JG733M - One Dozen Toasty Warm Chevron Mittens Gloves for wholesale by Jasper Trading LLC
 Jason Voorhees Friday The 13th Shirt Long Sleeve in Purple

---

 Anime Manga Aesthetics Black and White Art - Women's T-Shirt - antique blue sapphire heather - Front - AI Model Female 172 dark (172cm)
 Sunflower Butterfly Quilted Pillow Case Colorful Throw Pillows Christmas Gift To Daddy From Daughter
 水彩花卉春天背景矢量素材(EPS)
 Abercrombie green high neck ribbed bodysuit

---

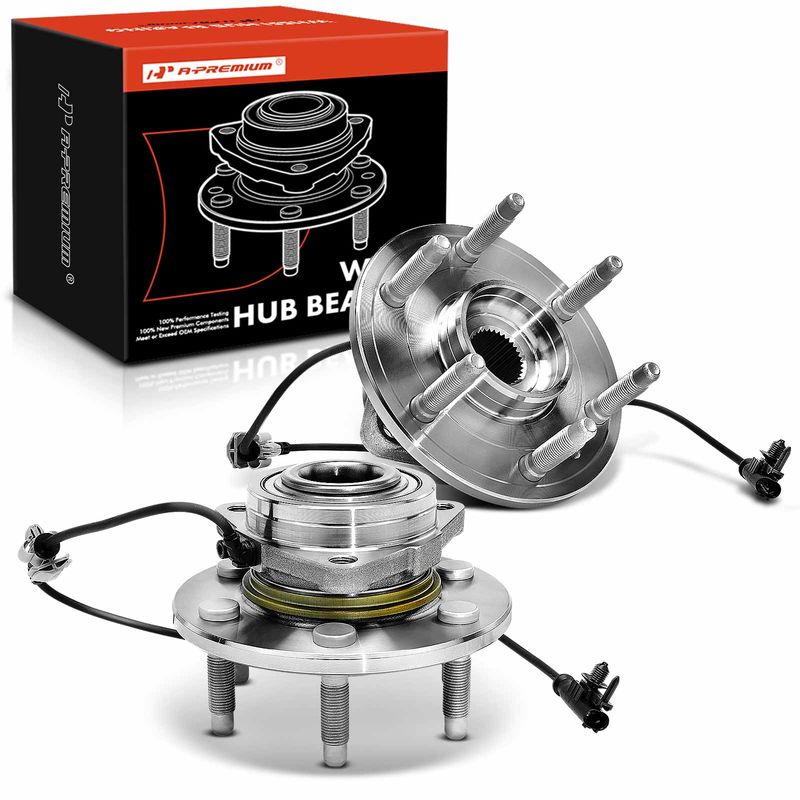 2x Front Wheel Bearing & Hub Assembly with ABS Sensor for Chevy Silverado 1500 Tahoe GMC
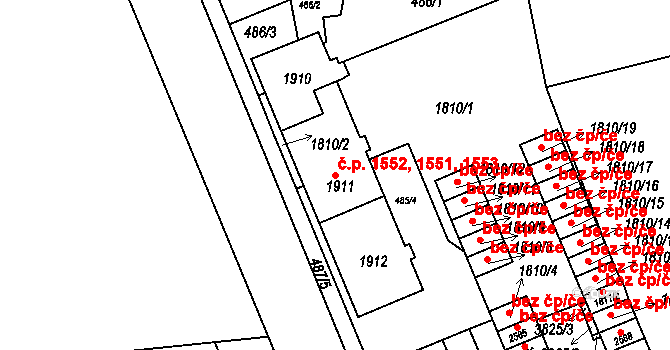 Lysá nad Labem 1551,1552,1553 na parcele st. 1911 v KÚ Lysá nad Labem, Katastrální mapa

### TASK TO CARRY OUT
Print exactly the lines above from the one with "JG733M - One" to the one with "Jason Voorhees Friday", including both.

### SOLUTION TO THIS TASK
JG733M - One Dozen Toasty Warm Chevron Mittens Gloves for wholesale by Jasper Trading LLC
 Jason Voorhees Friday The 13th Shirt Long Sleeve in Purple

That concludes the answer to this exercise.